Dann, wenn, den großen Spruch zu sprechen,
Der Ew'ge sich vom Stuhl erhebt,
Und stockend alle Herzen brechen,
Und Todesangst die Welt durchbebt.
Und laut erkracht des Himmels Krone –
Denn ringsum Schweigen fürchterlich –
Dann will ich steh'n vor seinem Throne
Und fragen: "Warum schufst du mich?"
Friedrich Theodor Vischer (1807-1887)

Staunend und ein bisschen spöttisch, fast wie eine Theateraufführung, wird hier das Letzte Gericht beschrieben. Und das lyrische Ich nimmt sich vor, selbstbewusst dem Schöpfer gegenüber zu treten und die Frage zu stellen: Warum schufst du mich?
Rusalka, die Wassernixe aus Dvoraks berühmtester Oper, sehnt sich nach Liebe und betet den Mond an, ihr eine menschliche (fühlende) Seele zu geben. Die folgende Analyse ist ein wunderbares Beispiel dafür, wie mit musikalischen Mitteln der Inhalt eines Stückes umgesetzt wird.

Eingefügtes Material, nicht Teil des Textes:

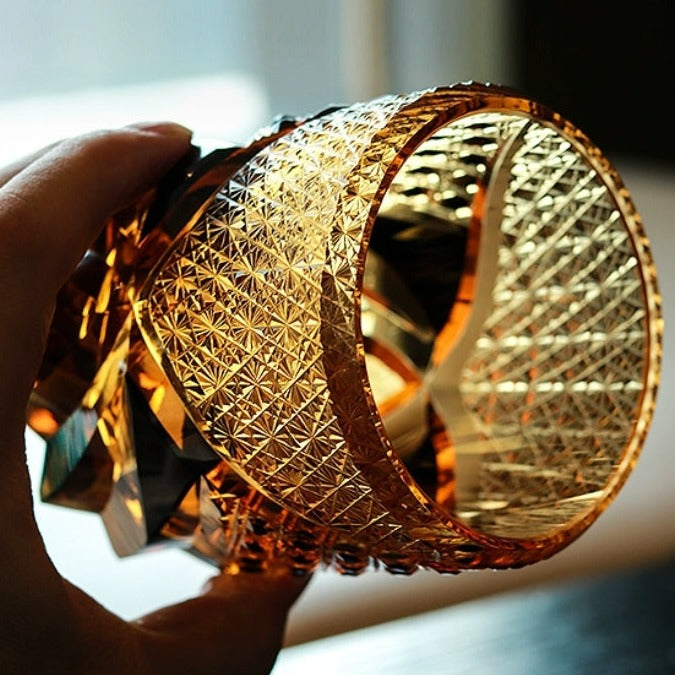 Whiskeyglas Edo Kiriko Dark Knight Handgemaakt Donker Amber Japans Kristal Houten Doos | Sansoti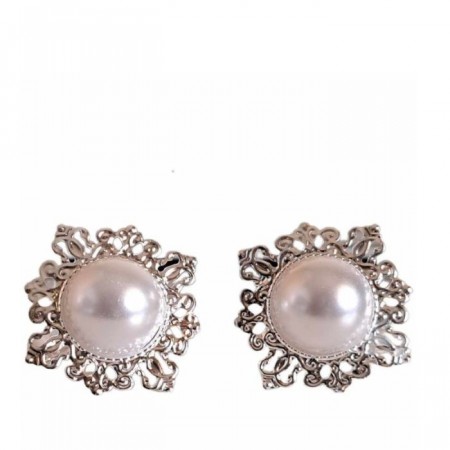 Serviettringer med hvite perler 2 pk, ø 4 cm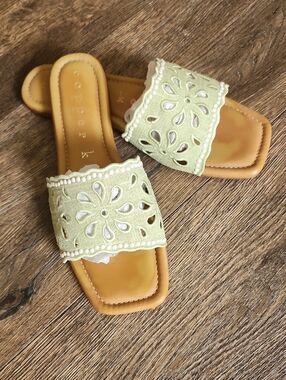 Copper Key Sage Green Floral Cutout Slide Mules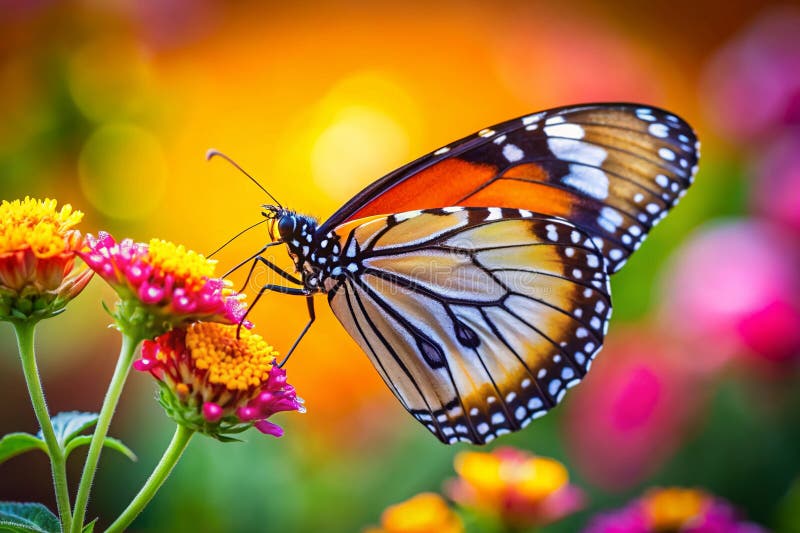 A Stunning CloseUp of a Plain Tiger Butterfly on a Vibrant Flower A Celebration of Natures Delicate Beauty royalty free illustration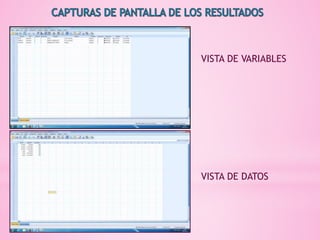 VISTA DE VARIABLES
VISTA DE DATOS
 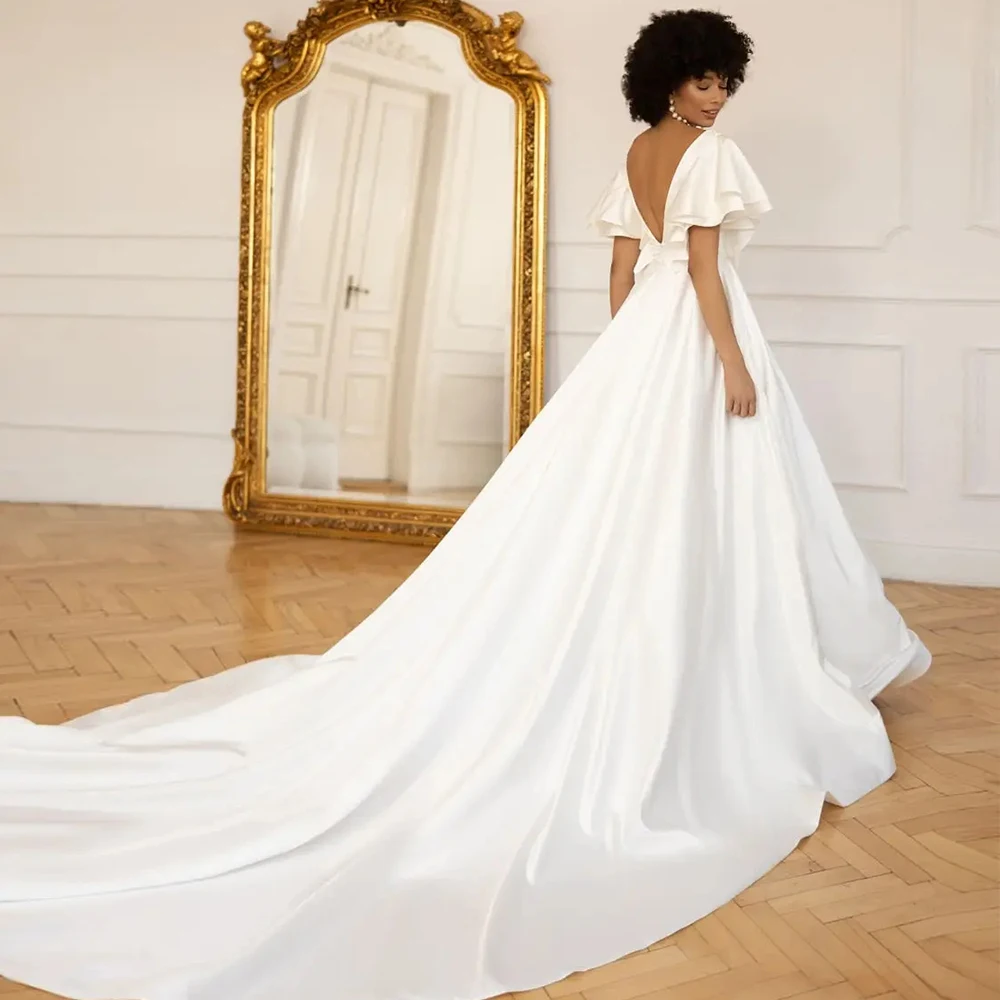 Exquisite V Neck A Line Backless Wedding Dress For Woman Lvory Elegant Ruffles Short Seleeves Bridal Gowns New Vestido De Novia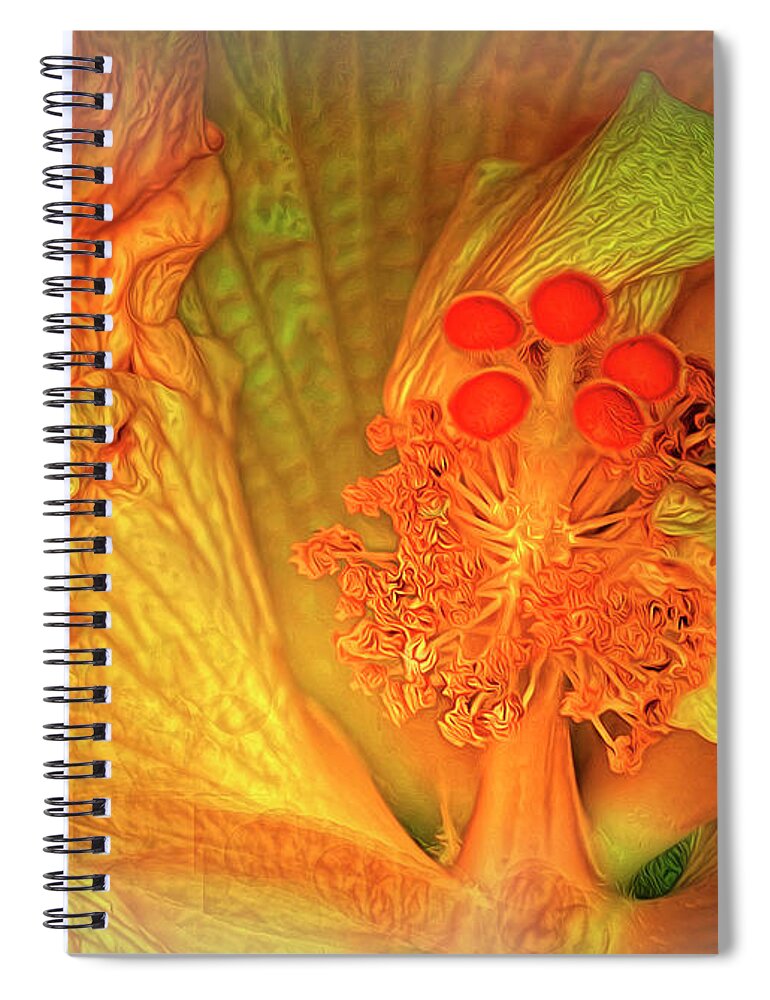 Macro Photography Spiral Notebook featuring the photograph The Hibiscus by Barry Weiss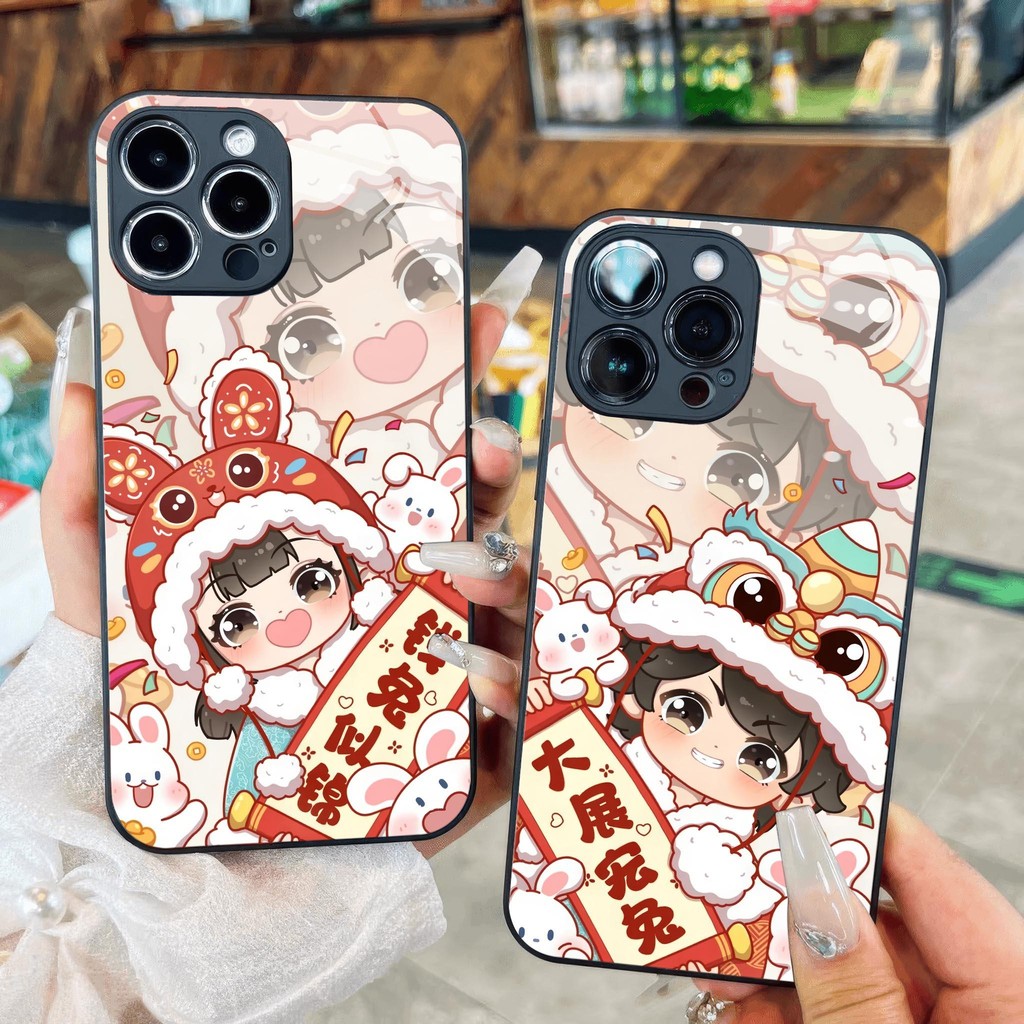 2025 Tet Couplet แก้วสําหรับ iPhone 17 16 15 14 13 12 11 8 7 6 6s 6p 7p 8p 6g 7g 8g Pro Max XR XS xs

"Das als Mondarie bekannteste Stück der Oper ist in Wirklichkeit ein Lied, dessen zwei Strophen jeweils aus einem sanften, sehnsuchtsvollen A-Teil und einem expressiven B-Teil mit Appellcharakter und Oktavsprung am Anfang bestehen. Die weiche Tonart Ges-dur, der federnde 3/8-Takt, das Tempo larghetto, die Begleitung der sordinierten Geigen [mit Dämpfer] in Terzen und im piano schaffen eine zarte, intime Atmosphäre, in der sich der nächtliche Herzenswunsch Rusalkas artikulieren kann. Gemäß der Volksliedanlage sind die Strophen in Viertakteinheiten angelegt. Im A-Teil der ersten Strophe ist aber nur die erste Einheit tatsächlich viertaktig gesungen, bei den anderen Einheiten endet der Gesang nach drei Takten, der vierte ist instrumental und wiederholt meist das Schlussmotiv des Gesangs, wodurch sich auf eine feine, raffinierte Weise die Sehnsucht Rusalkas nach einer menschlichen Seele ausdrückt. Die zweite Strophe ist in beiden Teilen leicht variiert, um noch mehr Intensität zu erzeugen. Am Ende jeder Strophe erscheint das harte, über fünf Takte klingende, Symmetrie und Zartheit des Vorherigen zerstörende Zaubermotiv als Zäsur und unheilvolle Vorausdeutung. Die 13-taktige (!) Coda (vorausdeutendes Unglück!) steigert Rusalkas wahnhafte Vorstellung und den Appell an den Mond durch eine kurzatmigere Zweitaktigkeit und vor allem im Orchester durch den steten Wechsel ihres Leitmotivs mit dem Zaubermotiv, bis sich dieses am Schluss ganz durchsetzt und zur Herbeirufung der Hexe überleitet, die nach Bedenken und Bedingungen schließlich die Verwandlung vornimmt."